Personal information
- Full name: William Thomas Langford
- Born: 5 October 1875 Hythe, Hampshire, England
- Died: 20 February 1957 (aged 81) Ospringe, Kent, England
- Batting: Right-handed
- Bowling: Right-arm fast-medium

Domestic team information
- 1902–1908: Hampshire

Career statistics
| Competition | FC |
| Matches | 91 |
| Runs scored | 1,663 |
| Batting average | 12.99 |
| 100s/50s | –/2 |
| Top score | 62* |
| Balls bowled | 12,763 |
| Wickets | 215 |
| Bowling average | 26.88 |
| 5 wickets in innings | 5 |
| 10 wickets in match | 2 |
| Best bowling | 8/82 |
| Catches/stumpings | 67/– |
- Source: Cricinfo, 18 February 2010

= William Langford (cricketer) =

English cricketer

William Thomas Langford (5 October 1875 – 20 February 1957) was an English first-class cricketer. He was a right-handed batsman who bowled right-arm fast-medium pace.

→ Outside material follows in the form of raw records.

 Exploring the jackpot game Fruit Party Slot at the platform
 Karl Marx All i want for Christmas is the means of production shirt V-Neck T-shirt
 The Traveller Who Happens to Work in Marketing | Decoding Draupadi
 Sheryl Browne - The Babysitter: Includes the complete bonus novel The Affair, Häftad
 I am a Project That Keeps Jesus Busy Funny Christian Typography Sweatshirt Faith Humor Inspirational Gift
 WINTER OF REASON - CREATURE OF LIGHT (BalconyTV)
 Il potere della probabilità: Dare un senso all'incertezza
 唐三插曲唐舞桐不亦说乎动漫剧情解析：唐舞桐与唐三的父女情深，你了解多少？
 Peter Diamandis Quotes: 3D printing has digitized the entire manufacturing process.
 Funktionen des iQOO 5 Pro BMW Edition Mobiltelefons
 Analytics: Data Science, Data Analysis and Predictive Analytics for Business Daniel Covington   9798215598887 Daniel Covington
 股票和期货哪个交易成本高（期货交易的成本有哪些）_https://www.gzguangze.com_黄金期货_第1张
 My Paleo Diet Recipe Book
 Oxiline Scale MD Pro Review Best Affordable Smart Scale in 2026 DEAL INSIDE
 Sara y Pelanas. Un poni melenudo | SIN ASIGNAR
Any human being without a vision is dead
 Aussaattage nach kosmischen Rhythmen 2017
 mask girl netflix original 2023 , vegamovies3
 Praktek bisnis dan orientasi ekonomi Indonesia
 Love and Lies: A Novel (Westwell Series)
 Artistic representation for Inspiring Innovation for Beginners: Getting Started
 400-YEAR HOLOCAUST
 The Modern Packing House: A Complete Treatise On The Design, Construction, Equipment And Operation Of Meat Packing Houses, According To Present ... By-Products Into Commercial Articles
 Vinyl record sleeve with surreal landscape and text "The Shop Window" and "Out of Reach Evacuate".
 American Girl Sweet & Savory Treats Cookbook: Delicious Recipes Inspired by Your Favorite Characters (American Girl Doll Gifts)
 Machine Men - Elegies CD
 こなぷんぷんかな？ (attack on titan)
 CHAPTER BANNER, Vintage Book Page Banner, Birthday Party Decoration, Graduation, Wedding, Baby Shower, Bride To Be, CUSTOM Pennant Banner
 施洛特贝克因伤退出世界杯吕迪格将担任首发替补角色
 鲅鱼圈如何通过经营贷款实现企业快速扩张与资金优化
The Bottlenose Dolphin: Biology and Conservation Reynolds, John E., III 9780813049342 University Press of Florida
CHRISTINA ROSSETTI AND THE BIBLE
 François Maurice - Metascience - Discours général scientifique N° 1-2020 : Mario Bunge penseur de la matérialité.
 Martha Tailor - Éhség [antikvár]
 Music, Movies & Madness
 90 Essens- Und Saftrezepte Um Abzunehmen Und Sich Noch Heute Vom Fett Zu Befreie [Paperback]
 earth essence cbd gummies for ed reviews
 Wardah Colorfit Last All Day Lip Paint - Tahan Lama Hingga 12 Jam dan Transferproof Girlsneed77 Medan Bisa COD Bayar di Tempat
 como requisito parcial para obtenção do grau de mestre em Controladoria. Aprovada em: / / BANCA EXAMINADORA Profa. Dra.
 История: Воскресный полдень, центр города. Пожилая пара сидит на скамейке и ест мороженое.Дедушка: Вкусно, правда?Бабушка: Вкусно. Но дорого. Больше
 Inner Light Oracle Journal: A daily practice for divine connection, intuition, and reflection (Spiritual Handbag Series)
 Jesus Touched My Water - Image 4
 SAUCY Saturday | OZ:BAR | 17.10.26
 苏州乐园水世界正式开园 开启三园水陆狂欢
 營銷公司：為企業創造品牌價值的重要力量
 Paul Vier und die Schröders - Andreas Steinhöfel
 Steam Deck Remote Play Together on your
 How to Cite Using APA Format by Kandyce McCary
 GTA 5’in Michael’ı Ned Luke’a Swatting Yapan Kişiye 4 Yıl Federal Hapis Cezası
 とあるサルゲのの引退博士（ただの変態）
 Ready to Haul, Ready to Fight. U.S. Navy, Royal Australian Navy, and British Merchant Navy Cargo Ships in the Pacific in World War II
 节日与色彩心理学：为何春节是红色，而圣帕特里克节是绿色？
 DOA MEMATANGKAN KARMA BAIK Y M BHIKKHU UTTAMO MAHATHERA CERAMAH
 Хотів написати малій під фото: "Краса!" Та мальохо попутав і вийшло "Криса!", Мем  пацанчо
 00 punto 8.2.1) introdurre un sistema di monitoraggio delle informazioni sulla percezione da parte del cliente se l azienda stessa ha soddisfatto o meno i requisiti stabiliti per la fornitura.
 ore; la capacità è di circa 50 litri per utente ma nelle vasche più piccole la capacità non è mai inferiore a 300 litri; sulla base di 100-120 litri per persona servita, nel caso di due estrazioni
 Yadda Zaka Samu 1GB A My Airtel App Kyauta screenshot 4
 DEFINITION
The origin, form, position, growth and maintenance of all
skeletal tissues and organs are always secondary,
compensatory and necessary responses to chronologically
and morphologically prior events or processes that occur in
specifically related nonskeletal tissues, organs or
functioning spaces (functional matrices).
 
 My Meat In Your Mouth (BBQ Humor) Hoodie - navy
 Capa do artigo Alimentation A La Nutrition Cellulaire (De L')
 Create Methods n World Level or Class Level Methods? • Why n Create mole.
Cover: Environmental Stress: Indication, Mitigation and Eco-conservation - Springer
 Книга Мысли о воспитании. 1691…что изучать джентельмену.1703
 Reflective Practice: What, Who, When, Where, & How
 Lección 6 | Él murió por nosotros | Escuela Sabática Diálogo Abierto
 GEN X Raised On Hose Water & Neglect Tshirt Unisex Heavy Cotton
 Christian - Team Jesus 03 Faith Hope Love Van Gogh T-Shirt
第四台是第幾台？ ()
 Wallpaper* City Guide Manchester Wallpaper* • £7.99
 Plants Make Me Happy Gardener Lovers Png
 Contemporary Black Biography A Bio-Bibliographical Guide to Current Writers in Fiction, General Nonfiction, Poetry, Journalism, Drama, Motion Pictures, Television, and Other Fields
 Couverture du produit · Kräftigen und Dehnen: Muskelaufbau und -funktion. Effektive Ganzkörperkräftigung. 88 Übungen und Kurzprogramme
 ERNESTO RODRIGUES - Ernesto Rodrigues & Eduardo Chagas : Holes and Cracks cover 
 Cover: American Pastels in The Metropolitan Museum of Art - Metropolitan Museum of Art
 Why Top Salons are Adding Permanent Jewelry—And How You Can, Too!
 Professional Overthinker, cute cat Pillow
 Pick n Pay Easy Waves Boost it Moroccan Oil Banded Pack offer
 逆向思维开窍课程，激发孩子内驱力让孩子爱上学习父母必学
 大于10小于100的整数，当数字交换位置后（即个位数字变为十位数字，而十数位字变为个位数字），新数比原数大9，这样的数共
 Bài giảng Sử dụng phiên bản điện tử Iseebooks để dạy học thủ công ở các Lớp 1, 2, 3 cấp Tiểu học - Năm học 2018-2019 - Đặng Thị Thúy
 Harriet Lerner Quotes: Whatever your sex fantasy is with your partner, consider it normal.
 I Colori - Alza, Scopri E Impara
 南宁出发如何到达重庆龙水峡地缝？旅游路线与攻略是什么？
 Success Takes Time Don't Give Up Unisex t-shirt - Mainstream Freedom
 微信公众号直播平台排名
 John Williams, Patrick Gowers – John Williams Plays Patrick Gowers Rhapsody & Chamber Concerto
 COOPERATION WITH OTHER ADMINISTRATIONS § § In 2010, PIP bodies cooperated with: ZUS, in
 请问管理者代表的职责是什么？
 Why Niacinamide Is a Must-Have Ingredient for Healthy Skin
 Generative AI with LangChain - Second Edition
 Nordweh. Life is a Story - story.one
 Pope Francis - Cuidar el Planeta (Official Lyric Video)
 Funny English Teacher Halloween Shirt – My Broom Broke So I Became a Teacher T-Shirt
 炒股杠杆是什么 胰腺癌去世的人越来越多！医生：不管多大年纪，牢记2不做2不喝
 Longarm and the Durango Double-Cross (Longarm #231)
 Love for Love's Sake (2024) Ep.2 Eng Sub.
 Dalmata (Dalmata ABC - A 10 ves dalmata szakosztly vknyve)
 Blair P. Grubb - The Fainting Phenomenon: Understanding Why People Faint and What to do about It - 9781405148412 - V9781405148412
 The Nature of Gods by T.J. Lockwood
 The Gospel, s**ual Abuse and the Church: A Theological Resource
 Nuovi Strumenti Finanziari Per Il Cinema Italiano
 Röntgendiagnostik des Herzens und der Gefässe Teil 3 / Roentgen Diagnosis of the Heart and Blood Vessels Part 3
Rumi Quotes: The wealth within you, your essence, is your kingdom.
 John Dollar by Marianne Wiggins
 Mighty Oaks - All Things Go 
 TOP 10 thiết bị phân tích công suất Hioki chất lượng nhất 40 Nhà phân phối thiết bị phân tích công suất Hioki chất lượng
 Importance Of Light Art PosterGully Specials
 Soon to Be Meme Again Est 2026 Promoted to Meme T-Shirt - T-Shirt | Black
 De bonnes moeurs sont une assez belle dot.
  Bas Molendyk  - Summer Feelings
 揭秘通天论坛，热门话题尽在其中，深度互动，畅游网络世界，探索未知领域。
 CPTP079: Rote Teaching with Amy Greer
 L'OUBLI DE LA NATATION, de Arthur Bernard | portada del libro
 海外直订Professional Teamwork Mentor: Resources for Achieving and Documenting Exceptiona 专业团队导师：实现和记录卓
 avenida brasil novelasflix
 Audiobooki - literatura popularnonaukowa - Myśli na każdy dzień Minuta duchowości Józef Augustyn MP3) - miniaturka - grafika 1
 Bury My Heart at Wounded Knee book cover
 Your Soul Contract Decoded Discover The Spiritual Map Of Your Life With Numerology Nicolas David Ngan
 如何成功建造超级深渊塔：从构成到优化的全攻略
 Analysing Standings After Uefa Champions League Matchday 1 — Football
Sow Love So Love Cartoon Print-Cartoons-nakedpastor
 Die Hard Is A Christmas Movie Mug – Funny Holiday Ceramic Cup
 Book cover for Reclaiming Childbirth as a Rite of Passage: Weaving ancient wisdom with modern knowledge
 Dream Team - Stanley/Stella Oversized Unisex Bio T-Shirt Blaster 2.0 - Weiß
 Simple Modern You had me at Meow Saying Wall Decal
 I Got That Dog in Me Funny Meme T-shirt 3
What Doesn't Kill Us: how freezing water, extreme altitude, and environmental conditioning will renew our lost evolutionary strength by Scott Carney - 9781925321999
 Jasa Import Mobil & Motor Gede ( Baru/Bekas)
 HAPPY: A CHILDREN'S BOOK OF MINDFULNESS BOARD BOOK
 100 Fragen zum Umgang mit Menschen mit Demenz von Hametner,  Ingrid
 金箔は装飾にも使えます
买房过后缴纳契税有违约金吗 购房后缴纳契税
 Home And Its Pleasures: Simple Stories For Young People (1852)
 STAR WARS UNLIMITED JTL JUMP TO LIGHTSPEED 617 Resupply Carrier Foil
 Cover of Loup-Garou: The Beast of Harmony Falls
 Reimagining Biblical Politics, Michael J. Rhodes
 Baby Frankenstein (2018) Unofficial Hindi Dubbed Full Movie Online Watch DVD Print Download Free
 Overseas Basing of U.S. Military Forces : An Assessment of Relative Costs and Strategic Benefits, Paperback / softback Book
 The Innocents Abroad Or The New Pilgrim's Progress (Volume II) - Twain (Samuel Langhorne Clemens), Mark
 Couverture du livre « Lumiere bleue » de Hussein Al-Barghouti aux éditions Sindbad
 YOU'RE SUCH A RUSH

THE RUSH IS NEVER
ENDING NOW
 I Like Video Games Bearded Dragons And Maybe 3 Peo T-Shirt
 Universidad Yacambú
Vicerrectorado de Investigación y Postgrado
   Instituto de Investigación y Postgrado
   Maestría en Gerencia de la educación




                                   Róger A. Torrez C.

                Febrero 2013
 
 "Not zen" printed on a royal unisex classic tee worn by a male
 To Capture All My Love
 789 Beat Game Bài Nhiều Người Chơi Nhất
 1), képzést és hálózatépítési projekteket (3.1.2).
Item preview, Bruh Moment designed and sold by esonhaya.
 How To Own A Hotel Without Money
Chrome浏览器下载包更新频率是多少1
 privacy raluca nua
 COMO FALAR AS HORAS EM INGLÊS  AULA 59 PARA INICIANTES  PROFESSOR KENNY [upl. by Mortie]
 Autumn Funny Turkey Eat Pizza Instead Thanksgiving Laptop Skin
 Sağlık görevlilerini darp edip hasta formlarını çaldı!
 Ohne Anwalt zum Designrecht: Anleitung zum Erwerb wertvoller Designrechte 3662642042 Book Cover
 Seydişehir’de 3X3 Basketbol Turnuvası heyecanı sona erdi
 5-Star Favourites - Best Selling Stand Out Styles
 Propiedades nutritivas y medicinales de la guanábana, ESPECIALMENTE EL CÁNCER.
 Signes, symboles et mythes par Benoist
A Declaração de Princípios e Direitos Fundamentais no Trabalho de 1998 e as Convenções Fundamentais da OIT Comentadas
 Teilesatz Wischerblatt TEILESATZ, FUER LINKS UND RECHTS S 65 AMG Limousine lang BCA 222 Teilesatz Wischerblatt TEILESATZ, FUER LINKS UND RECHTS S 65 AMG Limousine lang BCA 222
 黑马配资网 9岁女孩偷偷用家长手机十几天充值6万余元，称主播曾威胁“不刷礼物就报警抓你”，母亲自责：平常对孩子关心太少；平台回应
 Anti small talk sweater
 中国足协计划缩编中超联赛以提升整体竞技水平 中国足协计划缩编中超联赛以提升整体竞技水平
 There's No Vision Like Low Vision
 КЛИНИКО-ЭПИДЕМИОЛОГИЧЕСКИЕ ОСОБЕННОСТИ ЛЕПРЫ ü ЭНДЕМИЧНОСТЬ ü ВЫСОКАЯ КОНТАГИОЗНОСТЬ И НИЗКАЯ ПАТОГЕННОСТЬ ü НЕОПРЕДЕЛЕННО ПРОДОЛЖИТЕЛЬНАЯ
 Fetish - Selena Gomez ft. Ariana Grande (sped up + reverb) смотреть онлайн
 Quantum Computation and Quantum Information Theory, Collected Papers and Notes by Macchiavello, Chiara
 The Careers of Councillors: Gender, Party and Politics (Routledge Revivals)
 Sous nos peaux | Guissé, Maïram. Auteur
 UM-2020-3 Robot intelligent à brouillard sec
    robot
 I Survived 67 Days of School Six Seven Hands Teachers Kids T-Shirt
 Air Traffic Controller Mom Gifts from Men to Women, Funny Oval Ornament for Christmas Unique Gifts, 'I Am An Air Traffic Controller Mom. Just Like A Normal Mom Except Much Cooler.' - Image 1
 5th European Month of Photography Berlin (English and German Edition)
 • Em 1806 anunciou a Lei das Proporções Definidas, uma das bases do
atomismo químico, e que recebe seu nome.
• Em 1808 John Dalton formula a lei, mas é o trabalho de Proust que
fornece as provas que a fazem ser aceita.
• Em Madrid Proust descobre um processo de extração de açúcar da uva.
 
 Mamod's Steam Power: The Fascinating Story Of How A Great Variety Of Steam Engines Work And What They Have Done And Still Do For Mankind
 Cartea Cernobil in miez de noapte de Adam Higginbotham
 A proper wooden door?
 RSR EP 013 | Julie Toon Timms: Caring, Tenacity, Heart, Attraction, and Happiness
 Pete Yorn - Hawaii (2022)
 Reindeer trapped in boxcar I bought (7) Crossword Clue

Langford made his first-class debut for Hampshire in the 1925 County Championship against Leicestershire at Aylestone Road.

Langford played 93 first-class matches for Hampshire, with the 1906 season being his most successful with 66 wickets at a bowling average of 26.46, with one five wicket haul and one ten wicket haul in a match, with best figures of 8/82. Indeed, it can be said that Langford did not have a bad season with the ball in the seasons he represented Hampshire, taking 215 wicket at a bowling average of 26.88 five five wicket hauls and two ten wickets in a match hauls and career best figures of 8/82 against the touring West Indies.

Langford played his final first-class match for Hampshire in 1908 against Middlesex at Dean Park Cricket Ground in Bournemouth.

As well as his above mentioned ability with the ball, Langford was also a useful batsman. In his 153 innings for Hampshire he scored 1,663 runs at a batting average of 26.88, with 2 half centuries and a high score of 67 in 1904 against Somerset. In the field Longford took 37 catches.

Following his first-class career he was the cricket coach at Tonbridge School, Kent. Langford died at Ospringe, Kent on 20 February 1957.